Material provided START

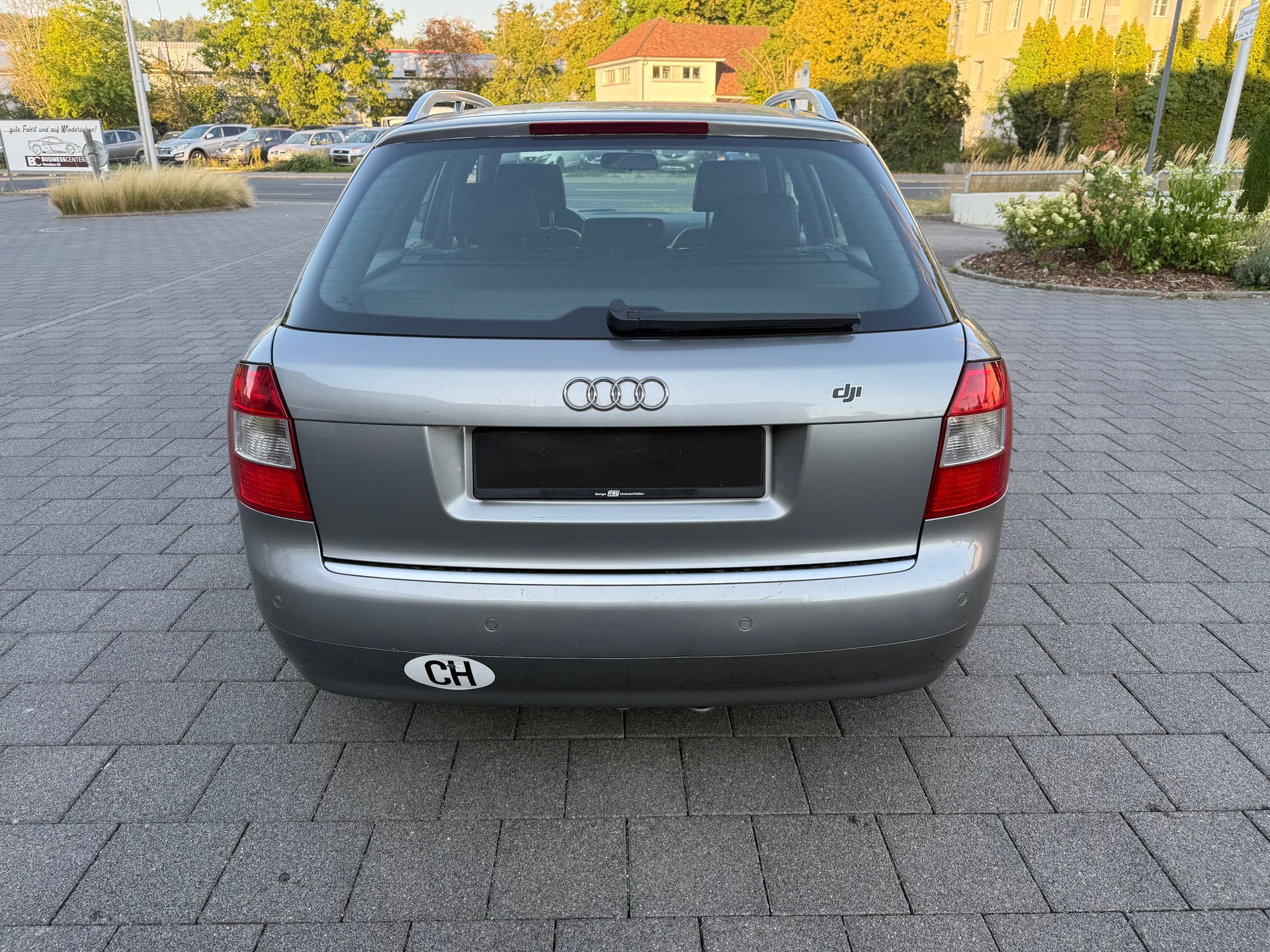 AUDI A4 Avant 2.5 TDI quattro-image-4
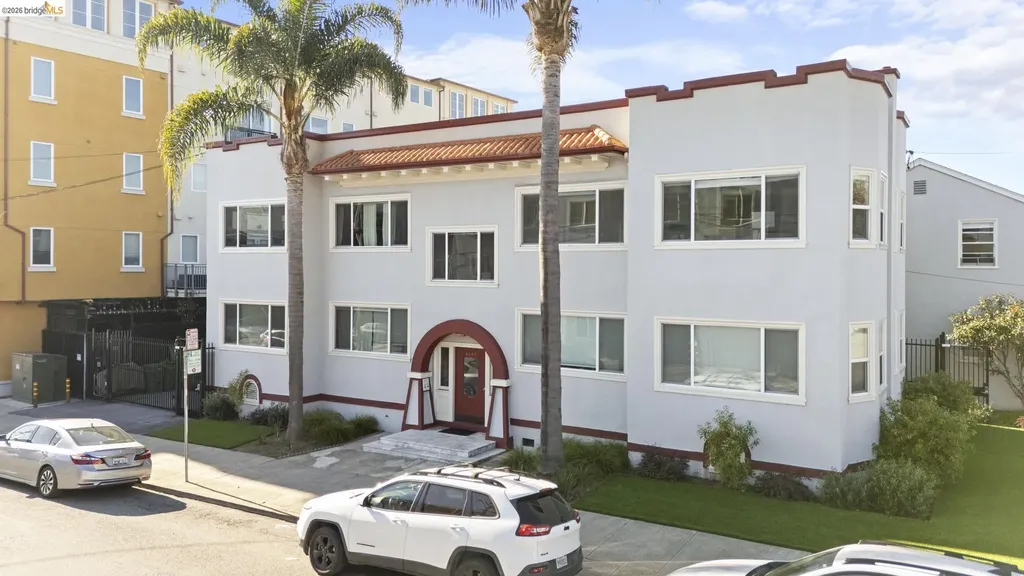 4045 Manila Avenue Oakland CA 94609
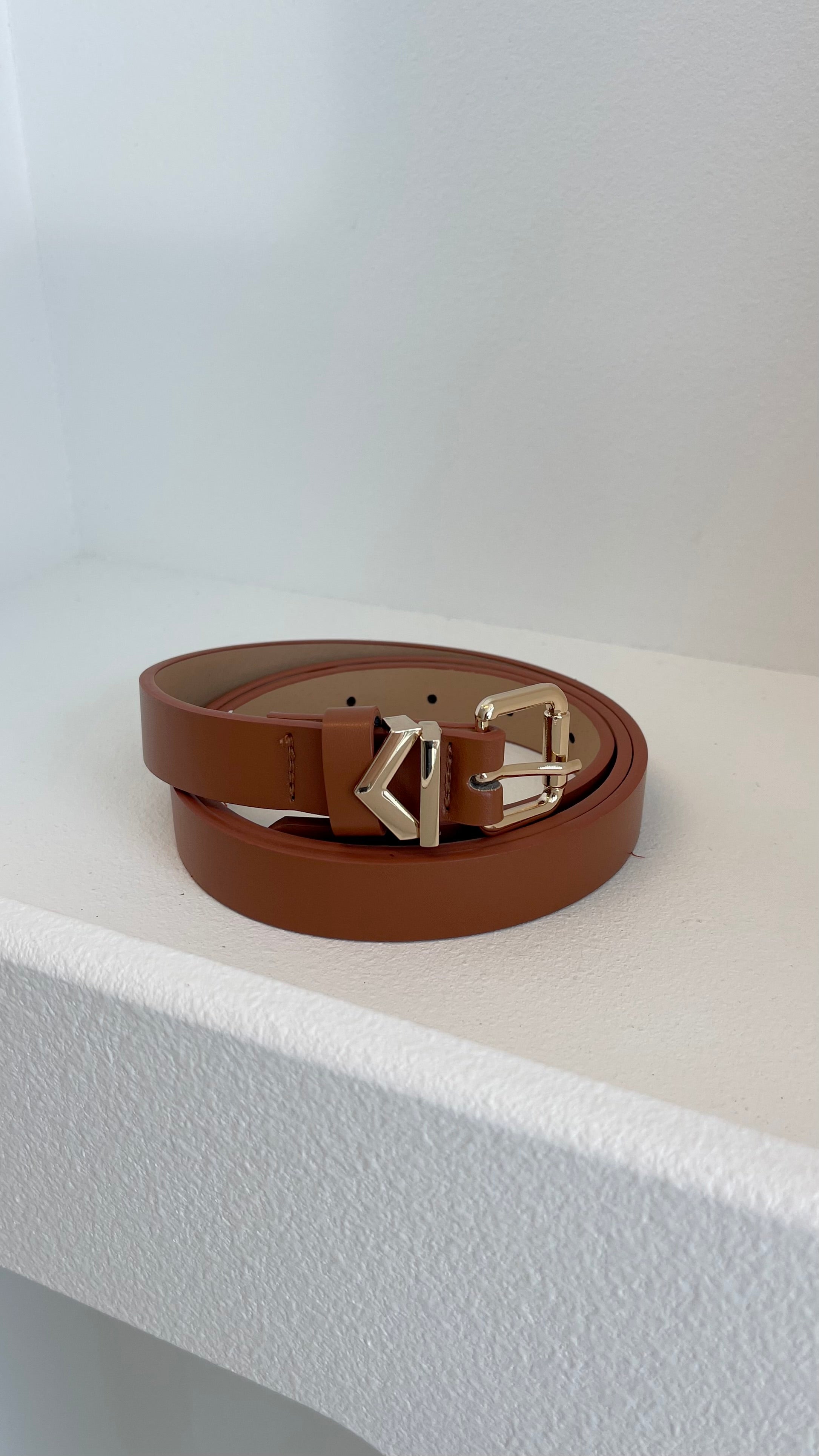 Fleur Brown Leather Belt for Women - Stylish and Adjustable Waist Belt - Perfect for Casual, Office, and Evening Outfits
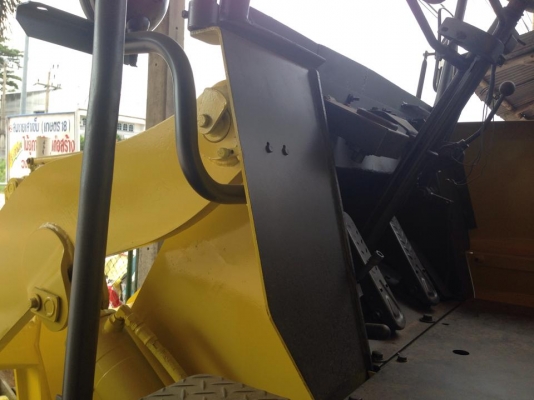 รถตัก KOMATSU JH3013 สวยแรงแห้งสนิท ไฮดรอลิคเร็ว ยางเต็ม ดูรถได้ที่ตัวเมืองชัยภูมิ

Material provided END
Material provided START

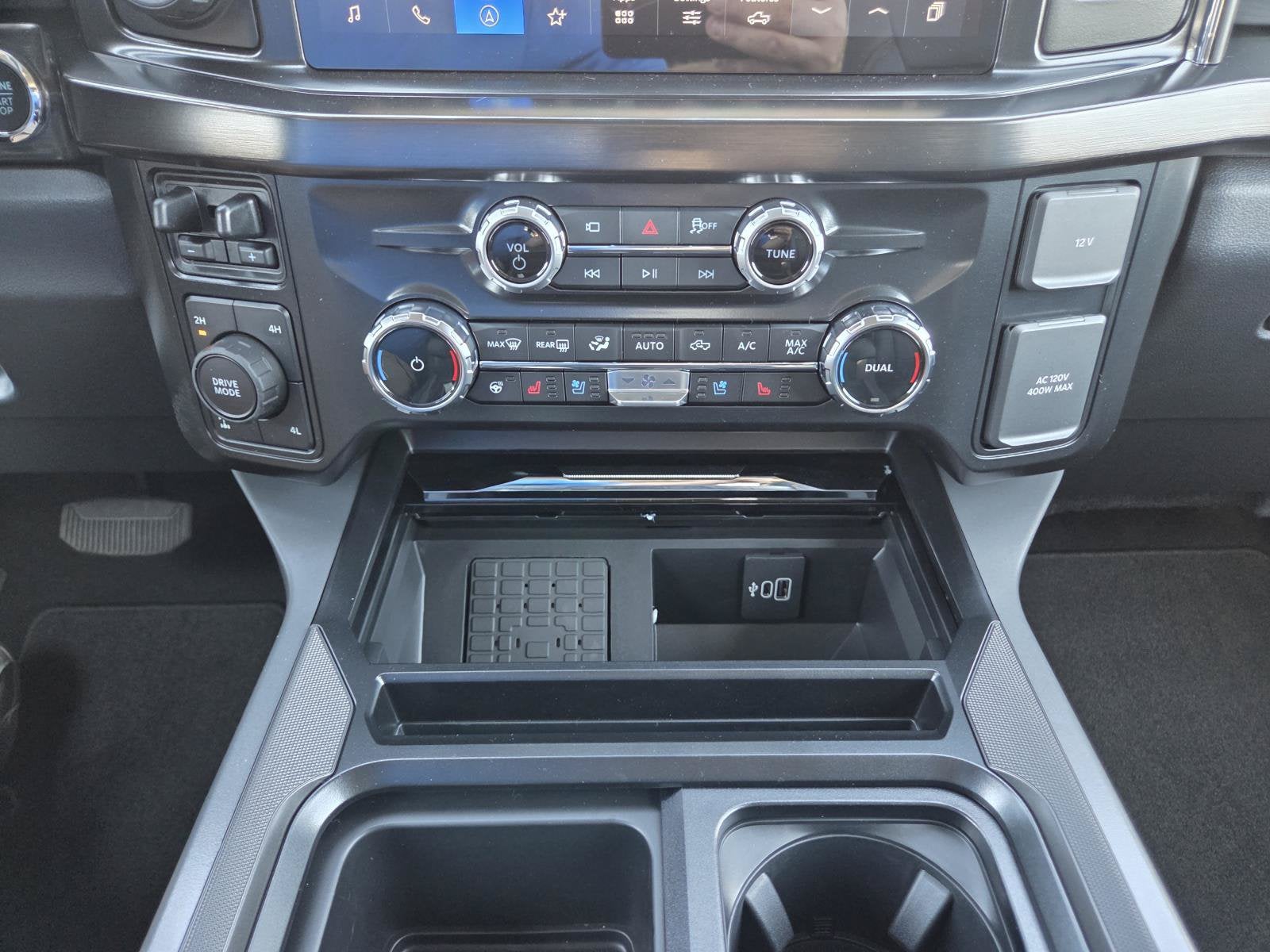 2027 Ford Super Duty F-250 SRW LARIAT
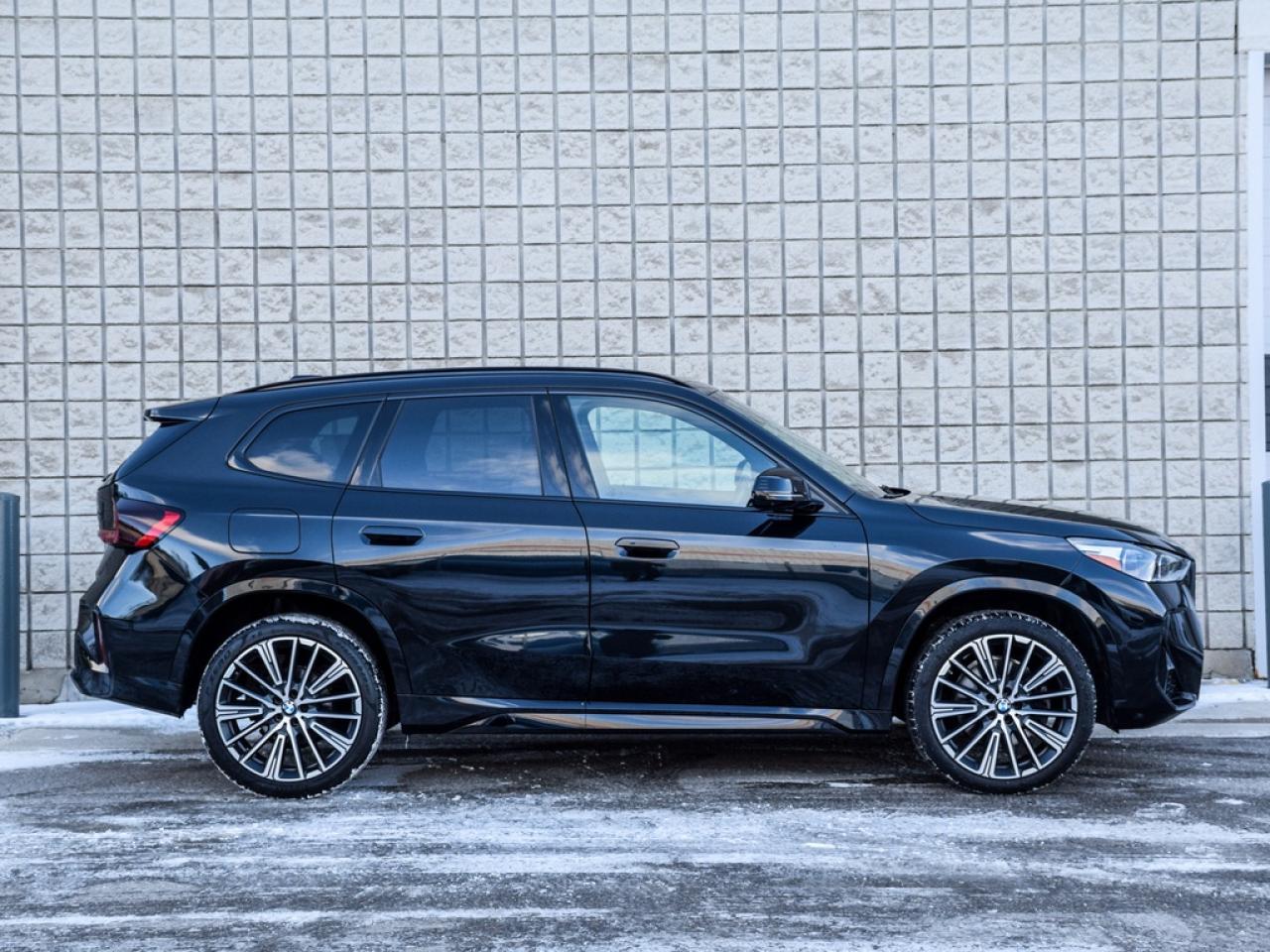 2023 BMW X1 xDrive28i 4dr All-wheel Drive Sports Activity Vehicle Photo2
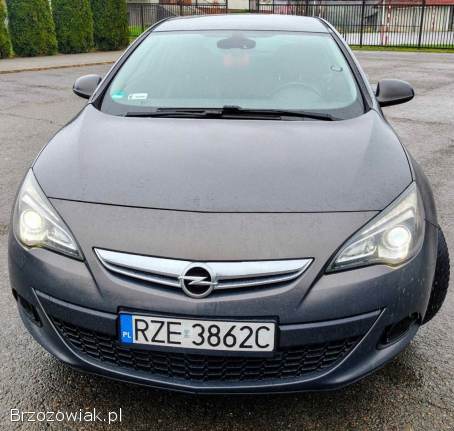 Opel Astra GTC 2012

Material provided END
Material provided START

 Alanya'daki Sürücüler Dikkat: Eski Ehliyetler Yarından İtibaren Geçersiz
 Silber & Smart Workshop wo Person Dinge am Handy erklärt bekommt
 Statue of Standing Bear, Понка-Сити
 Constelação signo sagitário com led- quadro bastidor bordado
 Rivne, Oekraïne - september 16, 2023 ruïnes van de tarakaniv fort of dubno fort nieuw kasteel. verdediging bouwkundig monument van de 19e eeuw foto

Material provided END

• Exercise objective
Each line above starting at the one holding "2027 Ford Super Duty F-250 SRW LARIAT" and ending at the one holding "Opel Astra GTC 2012" should be set down exactly as it stands, both ends included, with no pictures.

• Answer for the task
 2027 Ford Super Duty F-250 SRW LARIAT
 2023 BMW X1 xDrive28i 4dr All-wheel Drive Sports Activity Vehicle Photo2
 Opel Astra GTC 2012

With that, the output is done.